How much do you actually save with Cycle to Work?

In 2025/26 the headline saving is 28% for basic-rate, 42% for higher-rate and 47% for additional-rate taxpayers — your income tax plus employee National Insurance on the price of the bike and safety equipment (rest-of-UK rates). That’s the figure before any end-of-scheme fee to keep the bike. On a typical %-based provider like Cyclescheme, paying to own it trims the real saving to roughly 21–39%.

Is there a £1,000 limit on the Cycle to Work scheme?

No. £1,000 was never a tax limit — it’s an old consumer-credit threshold. There is no cap on the value of the bike or equipment for the tax break. Schemes run by an FCA-authorised provider (which most of the big ones are) are uncapped, and that’s exactly what makes pricier e-bikes work through the scheme.

What happens at the end of the scheme — do I own the bike?

Not automatically. When the hire ends you can extend the hire, hand the bike back, or buy it at fair market value under a separate agreement. Buying it for less than market value creates a taxable benefit on the difference.
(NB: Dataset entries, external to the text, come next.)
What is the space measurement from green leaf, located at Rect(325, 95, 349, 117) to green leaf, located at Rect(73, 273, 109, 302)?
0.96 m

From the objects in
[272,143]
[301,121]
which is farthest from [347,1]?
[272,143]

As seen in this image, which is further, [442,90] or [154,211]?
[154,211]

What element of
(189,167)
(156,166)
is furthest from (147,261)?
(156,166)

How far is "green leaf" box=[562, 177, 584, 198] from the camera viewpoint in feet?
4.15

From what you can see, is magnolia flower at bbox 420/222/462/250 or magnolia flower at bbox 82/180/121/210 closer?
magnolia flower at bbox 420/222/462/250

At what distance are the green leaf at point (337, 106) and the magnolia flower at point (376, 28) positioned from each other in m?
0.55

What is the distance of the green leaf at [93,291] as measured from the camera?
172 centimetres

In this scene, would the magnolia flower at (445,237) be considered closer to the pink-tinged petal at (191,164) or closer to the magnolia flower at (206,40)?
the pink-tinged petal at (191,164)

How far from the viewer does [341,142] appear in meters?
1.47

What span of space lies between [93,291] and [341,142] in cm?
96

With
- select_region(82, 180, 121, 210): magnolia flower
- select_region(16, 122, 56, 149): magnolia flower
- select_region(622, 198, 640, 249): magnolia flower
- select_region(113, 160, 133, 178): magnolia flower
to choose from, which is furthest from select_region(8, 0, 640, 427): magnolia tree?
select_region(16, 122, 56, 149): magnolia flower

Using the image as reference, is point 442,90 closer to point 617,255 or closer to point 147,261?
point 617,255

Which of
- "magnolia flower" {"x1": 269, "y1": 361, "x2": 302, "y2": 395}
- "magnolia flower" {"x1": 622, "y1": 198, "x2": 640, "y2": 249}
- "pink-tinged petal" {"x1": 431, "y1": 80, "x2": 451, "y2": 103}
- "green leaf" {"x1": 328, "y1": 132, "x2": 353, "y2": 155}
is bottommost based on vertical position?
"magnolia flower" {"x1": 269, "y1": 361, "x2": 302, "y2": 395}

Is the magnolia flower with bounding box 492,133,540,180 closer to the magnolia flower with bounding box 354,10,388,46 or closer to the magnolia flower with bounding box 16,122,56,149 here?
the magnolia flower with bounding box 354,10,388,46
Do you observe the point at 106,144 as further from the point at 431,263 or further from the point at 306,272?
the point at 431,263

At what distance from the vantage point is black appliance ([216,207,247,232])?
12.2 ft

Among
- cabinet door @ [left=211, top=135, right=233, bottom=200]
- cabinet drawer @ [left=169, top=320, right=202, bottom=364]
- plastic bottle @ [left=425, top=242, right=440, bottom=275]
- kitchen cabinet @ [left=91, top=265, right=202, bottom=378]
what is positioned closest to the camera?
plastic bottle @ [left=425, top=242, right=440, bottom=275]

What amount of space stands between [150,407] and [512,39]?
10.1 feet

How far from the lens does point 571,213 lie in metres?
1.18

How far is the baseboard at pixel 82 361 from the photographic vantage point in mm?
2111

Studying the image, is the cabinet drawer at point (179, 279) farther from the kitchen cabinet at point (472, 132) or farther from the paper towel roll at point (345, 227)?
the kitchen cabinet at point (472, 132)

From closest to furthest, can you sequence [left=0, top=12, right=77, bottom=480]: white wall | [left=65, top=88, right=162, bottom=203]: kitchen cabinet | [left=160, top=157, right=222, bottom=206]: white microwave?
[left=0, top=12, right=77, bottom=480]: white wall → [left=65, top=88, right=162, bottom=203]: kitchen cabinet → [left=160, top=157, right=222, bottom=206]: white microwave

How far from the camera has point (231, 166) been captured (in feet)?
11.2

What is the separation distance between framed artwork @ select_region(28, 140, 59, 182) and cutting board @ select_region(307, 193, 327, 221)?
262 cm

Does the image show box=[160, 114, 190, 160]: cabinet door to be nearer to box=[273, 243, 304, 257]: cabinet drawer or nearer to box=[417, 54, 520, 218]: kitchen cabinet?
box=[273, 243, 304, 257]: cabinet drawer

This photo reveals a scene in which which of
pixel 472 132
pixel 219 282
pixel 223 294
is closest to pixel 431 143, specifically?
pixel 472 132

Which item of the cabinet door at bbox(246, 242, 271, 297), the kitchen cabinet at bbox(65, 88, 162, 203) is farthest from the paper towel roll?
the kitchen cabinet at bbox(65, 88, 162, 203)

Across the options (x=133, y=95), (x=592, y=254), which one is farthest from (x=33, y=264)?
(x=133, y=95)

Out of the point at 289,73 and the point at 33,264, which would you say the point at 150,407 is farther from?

Most providers offer an ‘own it later’ option for a small (often refundable) deposit to avoid that charge.

Can I get an electric bike on Cycle to Work?
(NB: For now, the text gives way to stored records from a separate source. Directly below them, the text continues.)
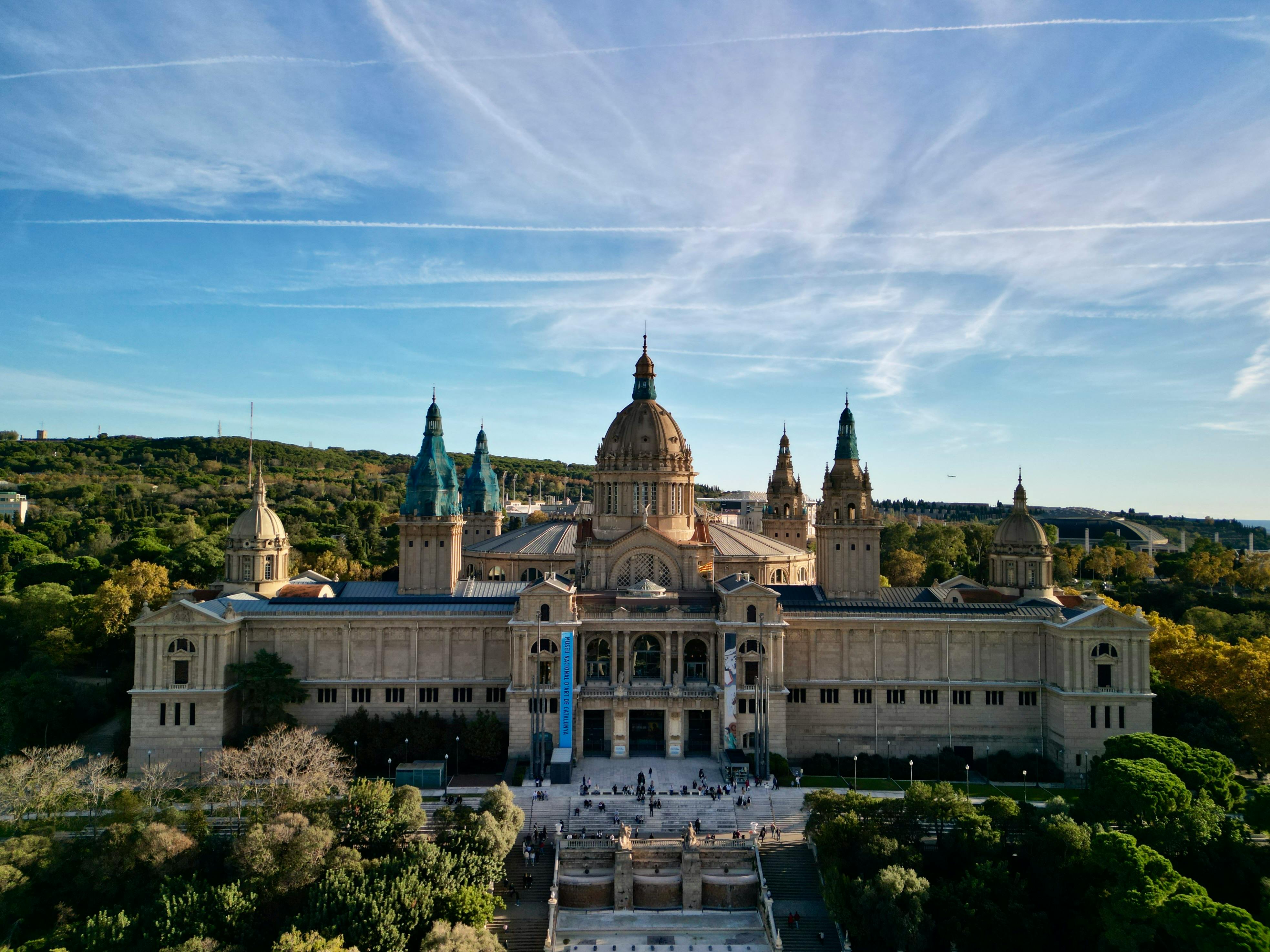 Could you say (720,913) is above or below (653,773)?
below

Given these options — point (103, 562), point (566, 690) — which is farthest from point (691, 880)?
point (103, 562)

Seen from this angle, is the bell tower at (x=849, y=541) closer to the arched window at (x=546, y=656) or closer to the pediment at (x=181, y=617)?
the arched window at (x=546, y=656)

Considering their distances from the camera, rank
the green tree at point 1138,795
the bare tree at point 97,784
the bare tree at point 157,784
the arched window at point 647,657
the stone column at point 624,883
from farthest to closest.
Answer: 1. the arched window at point 647,657
2. the bare tree at point 97,784
3. the bare tree at point 157,784
4. the stone column at point 624,883
5. the green tree at point 1138,795

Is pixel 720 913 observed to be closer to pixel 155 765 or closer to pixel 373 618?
pixel 373 618

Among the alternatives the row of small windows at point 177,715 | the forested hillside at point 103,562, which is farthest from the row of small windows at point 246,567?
the row of small windows at point 177,715

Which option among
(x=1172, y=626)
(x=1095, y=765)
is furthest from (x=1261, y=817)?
(x=1172, y=626)

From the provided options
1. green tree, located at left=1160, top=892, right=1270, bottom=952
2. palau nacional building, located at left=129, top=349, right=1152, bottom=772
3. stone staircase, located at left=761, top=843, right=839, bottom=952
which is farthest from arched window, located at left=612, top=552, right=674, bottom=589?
green tree, located at left=1160, top=892, right=1270, bottom=952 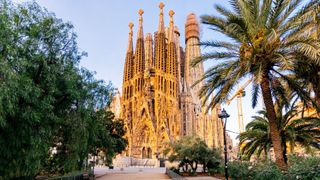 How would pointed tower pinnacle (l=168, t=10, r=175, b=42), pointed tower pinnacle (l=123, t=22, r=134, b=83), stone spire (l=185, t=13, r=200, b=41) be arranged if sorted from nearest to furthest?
1. pointed tower pinnacle (l=168, t=10, r=175, b=42)
2. pointed tower pinnacle (l=123, t=22, r=134, b=83)
3. stone spire (l=185, t=13, r=200, b=41)

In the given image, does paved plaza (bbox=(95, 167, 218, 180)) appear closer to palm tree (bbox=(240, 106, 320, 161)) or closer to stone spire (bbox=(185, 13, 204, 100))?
palm tree (bbox=(240, 106, 320, 161))

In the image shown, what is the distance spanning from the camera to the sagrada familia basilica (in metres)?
67.1

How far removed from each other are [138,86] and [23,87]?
2538 inches

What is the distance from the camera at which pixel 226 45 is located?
12.8 meters

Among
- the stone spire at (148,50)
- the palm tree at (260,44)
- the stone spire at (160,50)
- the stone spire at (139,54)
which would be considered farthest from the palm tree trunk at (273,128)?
the stone spire at (139,54)

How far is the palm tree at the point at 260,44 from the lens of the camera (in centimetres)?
1120

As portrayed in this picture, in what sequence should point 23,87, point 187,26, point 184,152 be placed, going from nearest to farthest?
point 23,87 → point 184,152 → point 187,26

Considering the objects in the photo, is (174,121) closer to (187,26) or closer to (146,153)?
(146,153)

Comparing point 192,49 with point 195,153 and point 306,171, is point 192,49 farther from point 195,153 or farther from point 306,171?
point 306,171

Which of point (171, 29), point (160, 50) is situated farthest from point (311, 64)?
point (171, 29)

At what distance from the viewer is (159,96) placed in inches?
2793

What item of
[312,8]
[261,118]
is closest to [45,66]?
[312,8]

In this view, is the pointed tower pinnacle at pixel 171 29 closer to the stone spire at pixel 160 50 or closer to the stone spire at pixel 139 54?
the stone spire at pixel 160 50

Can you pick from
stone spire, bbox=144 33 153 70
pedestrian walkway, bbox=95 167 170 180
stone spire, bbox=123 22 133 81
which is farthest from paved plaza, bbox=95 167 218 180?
stone spire, bbox=123 22 133 81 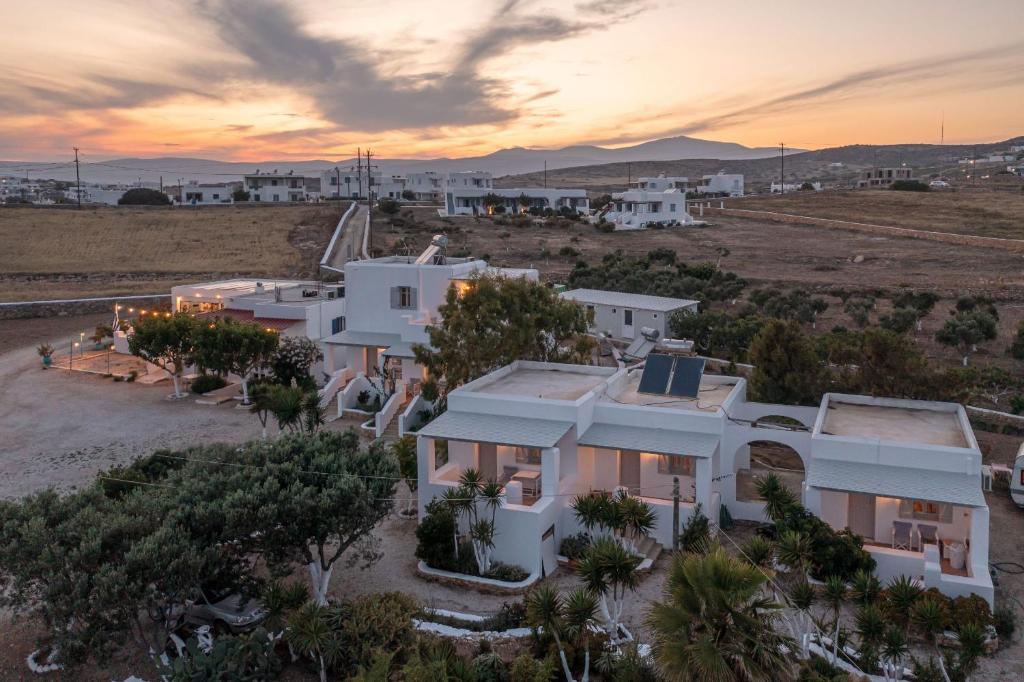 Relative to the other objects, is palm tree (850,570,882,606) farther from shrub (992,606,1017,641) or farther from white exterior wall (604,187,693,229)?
white exterior wall (604,187,693,229)

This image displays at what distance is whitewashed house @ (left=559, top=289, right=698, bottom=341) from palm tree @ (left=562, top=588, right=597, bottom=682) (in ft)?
75.1

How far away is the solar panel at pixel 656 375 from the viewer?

Yes. E-bikes (EAPCs) and safety equipment are eligible with no tax cap on value, as long as the bike meets the EAPC rules — a motor of 250W or less, with assistance that cuts out at 15.5 mph. More powerful machines are classed as motor vehicles and don’t qualify.

Can self-employed people use the Cycle to Work scheme?

No. The tax and NI savings only work through PAYE, so genuinely self-employed sole traders are excluded. Company directors can use it only if they’re paid through PAYE and their pay stays above the minimum wage after the salary sacrifice.

Does the Cycle to Work scheme work in Scotland?

Yes, but the saving isn’t the same. Scotland sets its own income-tax bands (19/20/21/42/45/48%), so the combined saving differs from the rest-of-UK 28/42/47%. National Insurance is the same across the UK.

Which Cycle to Work provider is best?

It depends on how cheaply you can keep the bike and where you want to shop. To own it for the least: gogeta (a £1 flat fee) or Cycle Solutions (free, no deposit). For the widest choice of shops: Cyclescheme or Halfords. Avoid relying on a provider that won’t publish its FCA reference number for a bike over £1,000.